Porcelain insulator specialist Jason Townsend recently came across two marvelous
"go-withs" for his collection.
Townsend met someone who
mentioned he owned two porcelain dogs that had been made at the Locke insulator
factory. The owner said he was an employee at the Locke factory more than fifty
years ago.
Townsend found the dogs irresistible, and purchased them as unique,
although unofficial, products of the Locke Insulator Company. In selling the
dogs to Townsend, the man agreed to sign an affidavit attesting them to be
genuine products made at Locke. That notarized statement is pictured below.

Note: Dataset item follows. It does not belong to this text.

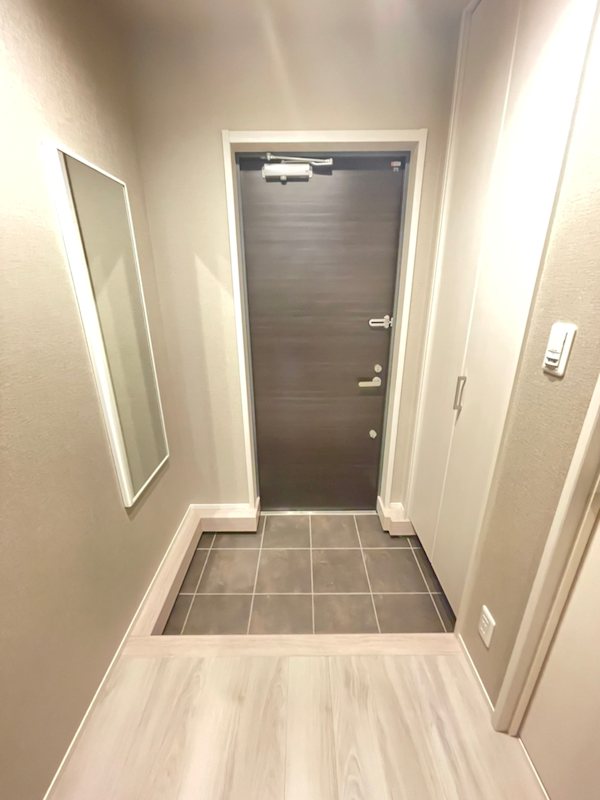 メイソンズ　ガーデン 玄関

Like most any collector, Townsend was excited to show off his purchase. It's
true the dogs aren't insulators. However, if the clay was gathered from the
floor of the mold room, then these two dogs could easily have been insulators
instead.
LOCKE INSULATOR COMPANY PORCELAIN DOGS



September 14, 2003
Dear Jason Townsend,
I do attest with this letter that I was employed by Locke Insulator of
Baltimore, MD in 1947 as a cost estimator. It was there and at that time that I
had these 2 dogs made by a fellow employee, who was known as Big Charlie. He
also made the ashtray. Big Charlie was the clean up man in the mold room. He had
made an elephant mold and a dog mold. I asked him to make me 2 elephants and 2
dogs, as well as the ashtray. He used the scrap clay that he had gathered from
the floor of the mold room.
I know very little about Big Charlie. I do not know
his full name or where he was from. He was an African American, very artistic
and very kind to me. He was a very likable person.